Heureusement qu’ils sont désormais couverts, une grande partie de la population qui a besoin d’immunothérapie, qui sont des anticorps avec des molécules autres que les galectines, a généré une très, très grande révolution. Aujourd’hui, 15 à 20 % des patients atteints de différentes tumeurs, comme les tumeurs cutanées, les mélanomes, les tumeurs du poumon, les tumeurs de la tête, les tumeurs du cou, les tumeurs métastatiques du rein ou encore les tumeurs colorectales, bénéficient de ces thérapies. Cependant, il y a 80, 75 % des patients qui n’en bénéficient pas, donc notre idée avec Galtec est d’offrir plus de possibilités pour qu’avec les anticorps antigalectines, nous puissions compléter les immunothérapies actuelles. D’autre part, des variantes de galectine, pour les maladies auto-immunes. Quand on avait, à cette époque, ces deux technologies, on se disait : et qu’est-ce qu’on fait avec ça ? Nous voulions toucher les patients. Il m’est arrivé assez de choses dans ma vie qui m’ont amené à prendre la décision que le but ultime d’un scientifique est de bénéficier à l’humanité et que je voulais atteindre les patients avec cela. Il y avait de nombreuses options, il y avait des possibilités de concéder les technologies sous licence à une multinationale, des possibilités pour que d’autres personnes les développent. Mon équipe et moi avons décidé de créer une entreprise basée sur la technologie qui puisse d’abord transformer, avec de bonnes pratiques de fabrication, ces technologies en médicaments à présenter aux autorités réglementaires les plus rigoureuses, FDA, EMA, Anmat, etc. ; et pouvoir le transformer nous-mêmes, faire cet exercice nous-mêmes.

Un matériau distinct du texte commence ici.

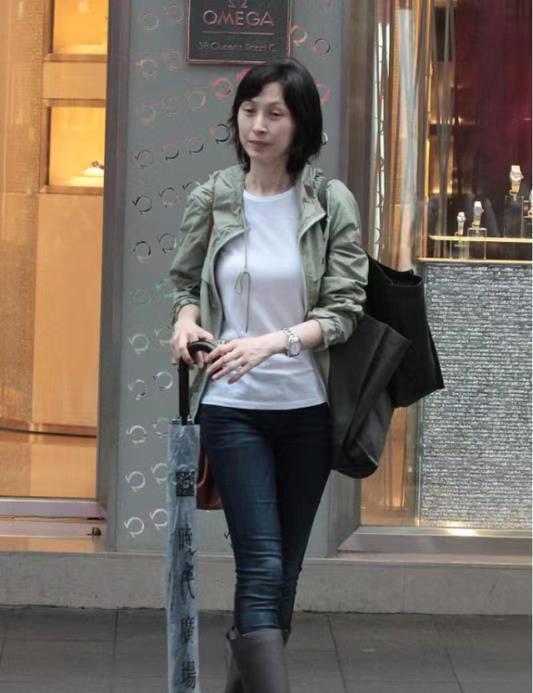 53岁郭蔼明真接地气穿休闲装独自现身街头看不出大婶的年纪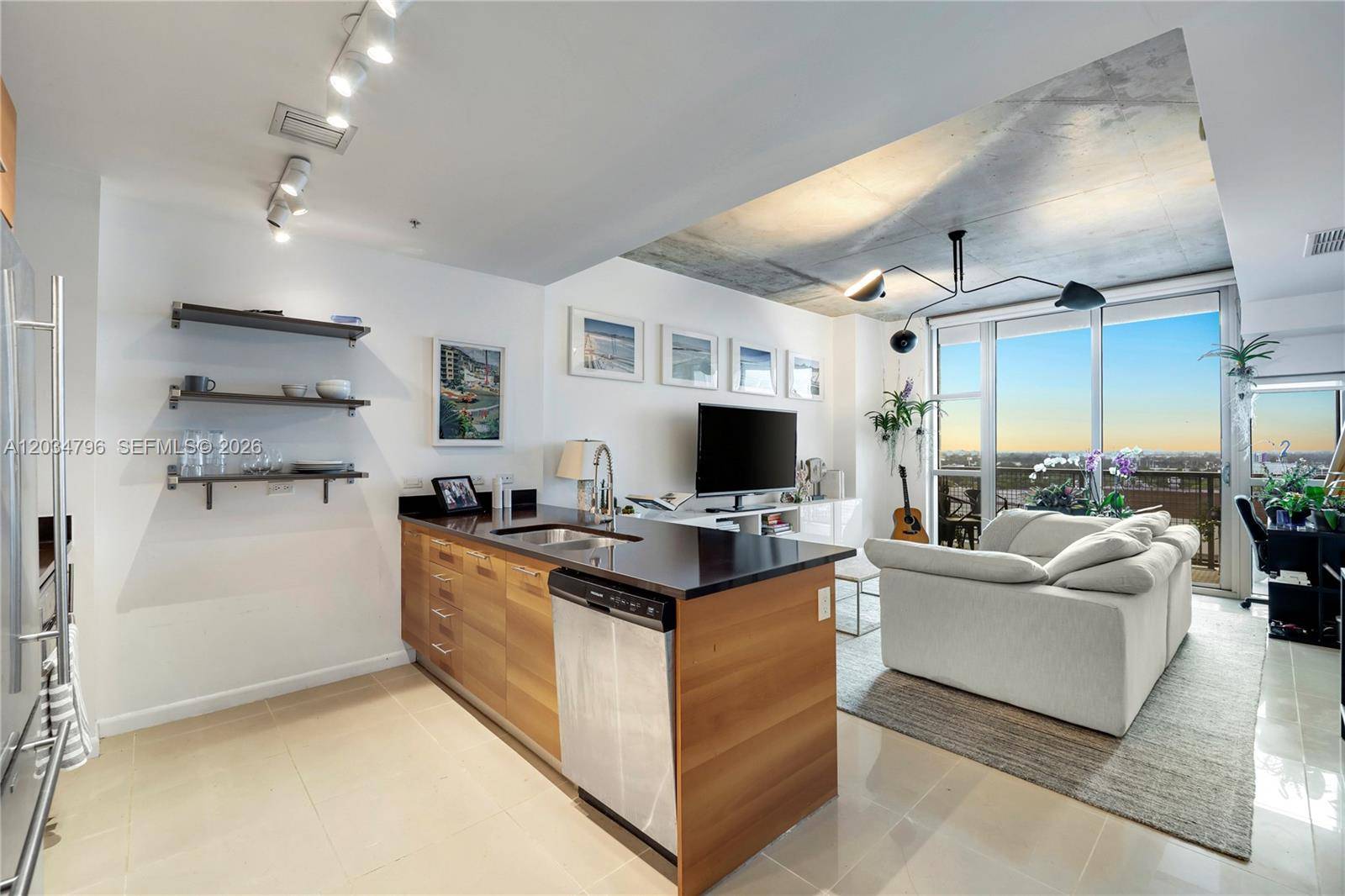 3301 NE 1st AveMiami - Condo/Co-Op/Seasonal,Condo condo unit H1405 - picture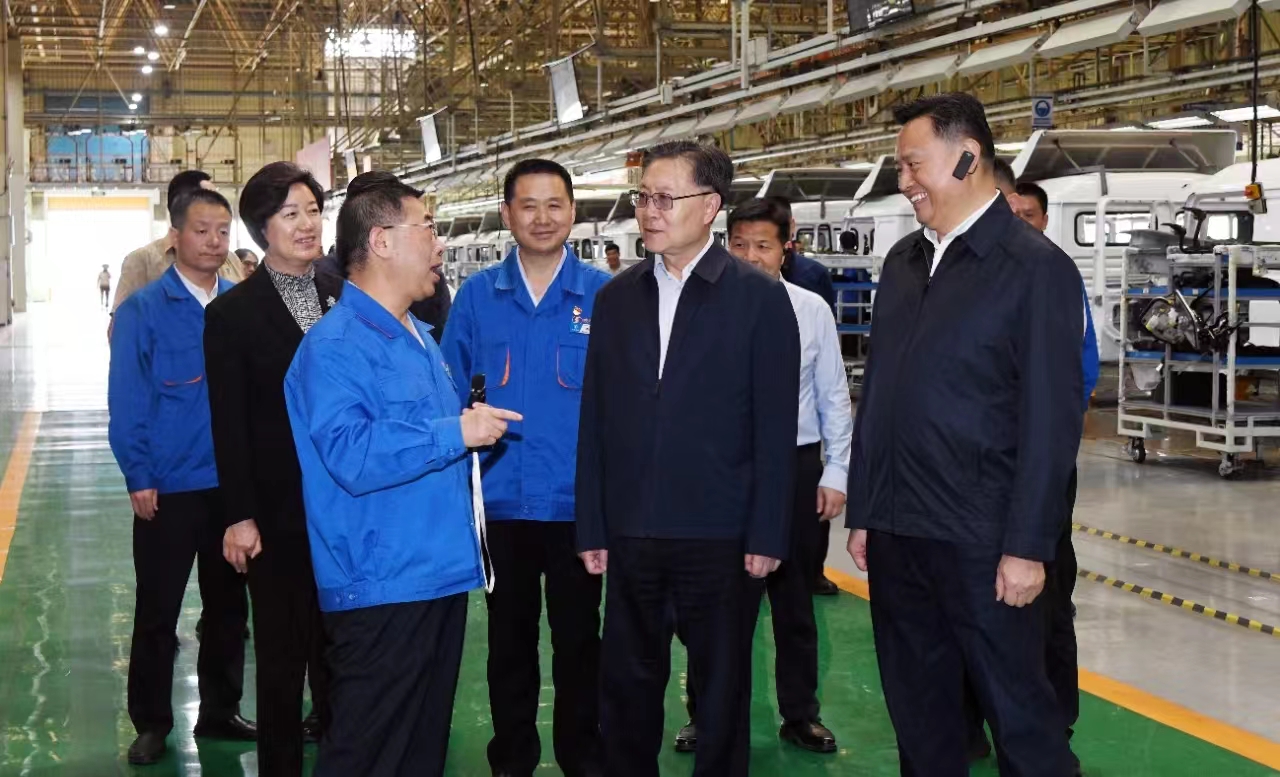 王东明1.jpg 王东明1.jpg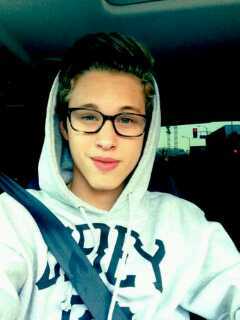 itsSkaterBoys's profile picture. Recording Artist | Vocalist | King | 22 | 6'5 | Dancer | Actor|Model |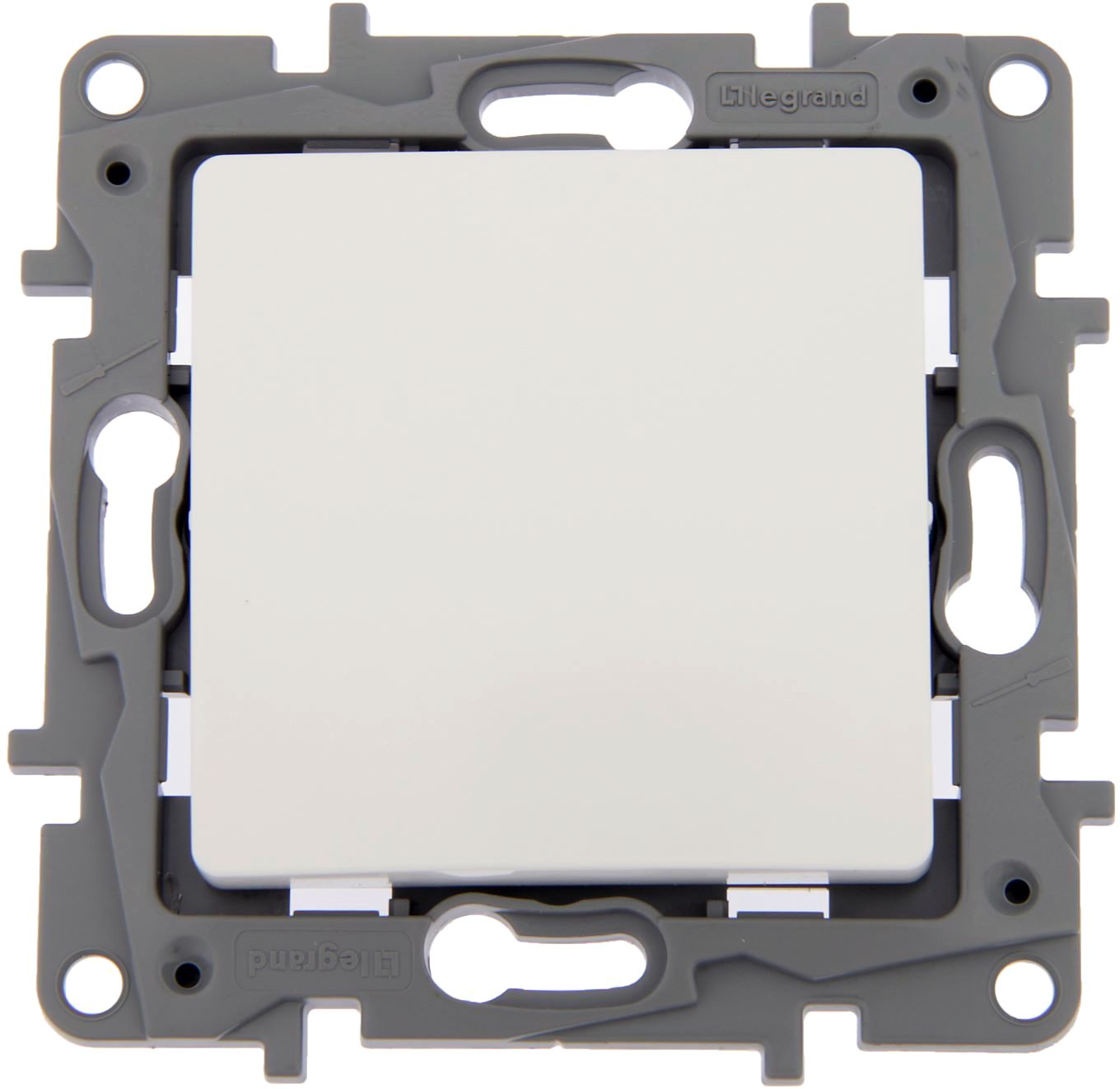 Выключатель одноклавишный проходной двунаправленный скрытый LEGRAND Etika белый (672205) купить в Мастак Выключатель одноклавишный проходной двунаправленный скрытый LEGRAND Etika белый (672205) купить в сети строительных магазинов Мастак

Plus précisément, aux États-Unis, en Europe et en Argentine.
Exactement. Je crois fermement que la science argentine est non seulement capable d’importer ou d’apporter des technologies de l’extérieur pour pouvoir les appliquer, ou des connaissances de l’extérieur, mais aussi de générer de nouvelles connaissances qui peuvent être un phare, qui peuvent éclairer et se transformer en de nouvelles thérapies. c’est un peu la fonction de Galtec.

Quelle est la problématique des brevets, du travail qu’ils ont réalisé, de la propriété intellectuelle, comment est-elle gérée par Conicet, comment fonctionne une entreprise publique et privée ?
En réalité, cette entreprise est privée, ils nous ont concédé les brevets, que Conicet et une fondation à but non lucratif, Fundación Sales, pour le cancer, ont soutenu chaque fois que nous avons eu une découverte significative, et que nous avons pu non seulement la publier , mais avant , brevetez-le. Avant, il est important de breveter pour s’occuper de la propriété intellectuelle, je n’y connaissais absolument rien, ils nous ont convaincus que c’était important de le faire et maintenant je leur en suis reconnaissant. Mais, en gros, nous avons présenté les brevets, Conicet et la Fondation des Ventes les ont maintenus au fil du temps, puisqu’ils ont été approuvés dans différents pays du monde, nous en avons la propriété intellectuelle dans différents pays du monde. Et maintenant que Conicet nous a concédé le brevet sous licence à travers un accord très intéressant, dans lequel nous nous engageons sur les étapes à respecter, à restituer à Conicet l’argent qui nous a tant soutenu, avec des bourses, des salaires, pour soutenir notre projet. le faire avancer.

Tout l’argent que Conicet a investi en vous, vous allez le restituer, serait-ce là le concept ?
Ce serait le concept, le retour. Nous y croyons, c’est la manière dont les universités internationales font les choses et travaillent, l’idée est d’accompagner les produits autant que possible. Il viendra un moment où nous devrons probablement les laisser partir, mais jusqu’à ce que nous atteignions la première phase, la deuxième phase. Maintenant, nous avons le soutien privé d’un groupe d’investisseurs argentins, White Lion, nous sommes très heureux car ils ont parié sur nous.

Écoutez l’intégralité de l’interview sur Radio Perfil.